The last word of this pet peeve is ecology.  As an ecologist, there is a strict meaning of the word to me, but I know that colloquially, it represents relationships between organisms and other organisms, or organisms and their environment.  Sometimes, it is degraded to just being a mere habitat (or virtual habitat).  Ecology though has become a power word, symbolizing something new.  If you want to give a new spin, an intellectually inclusive spin, you tack on the word ecology.  Instead of dealing with urban blight or inner city social injustice, you deal with Urban Ecology.  Now, don't get me wrong, there are studies in Urban Ecology that are amazing and beautiful, but like so many thing, people use this umbrella term too broadly.  My pet peeve around the use of ecology is that once it is used, people then start to add in systems theories, complexity theories, and community theories.  Why is that a pet peeve?  Because they are already explicit in the word ecology.  When I see the word, and as I try to get my student's to see, my mind shifts immediately in to systems thinking; complexity is just another component of systems.  Modern community and ecosystem analysis, and even good population ecology, relies on systems and complexity.  As I've read papers over the last week, sometimes I feel as though I could not find why the author used the phrase learning ecology (more to the point, why ecology was used).

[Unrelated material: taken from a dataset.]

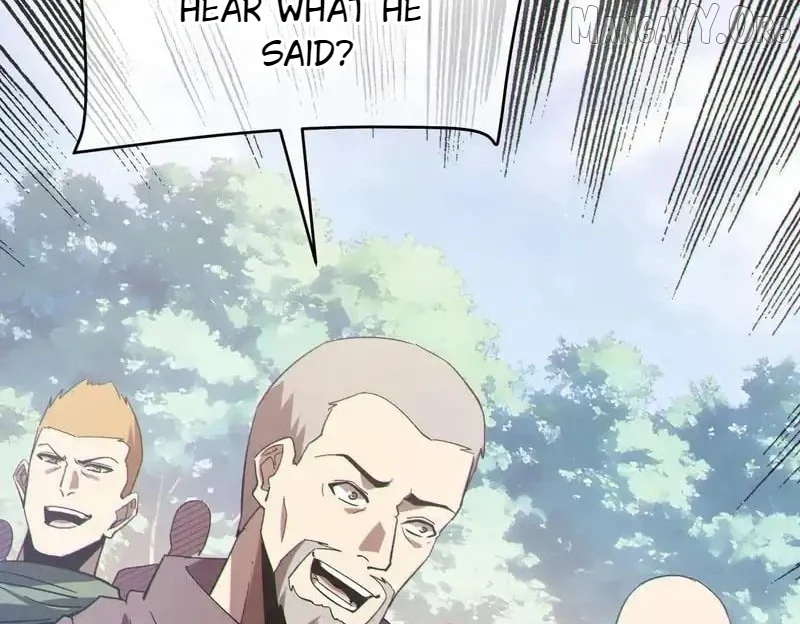 I Rely on My Invincibility to Deal Tons of Damage Passively! Chapter 142 - Page 122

Now, I understand that terms change meanings over time, and that misconceptions are rampant.  I also acknowledge that different disciplines have co-opted terms with varying degrees of success; social sciences for instance have numerous human ecology sub-disciplines (many of which really look at the ecology of the interactions).  Most of the time, I find myself trying to figure out what an author means when they use a term.  For example, are they using evolution to say that individuals change to a stimulus, or that over time there is a change in the group?  Is ecology being used as a place holder for higher order relationships, or is it describing the complex dynamics of the overall system?

Ultimately, these are terms that many students have misconceptions about.  It's a pet peeve because every semester I have to disentangle the colloquial from the strict meaning of these terms.  So, more than anything, this post is about getting this pet peeve off my chest.

One final note:  Though I may have a pet peeve when I see these terms, I have to say that all the papers I've read over the last week have been enjoyable and educational.  There is something I have gotten from each of them, and my evernotes is growing with the ideas stimulated.  So, please do not take what I've written as a pejorative.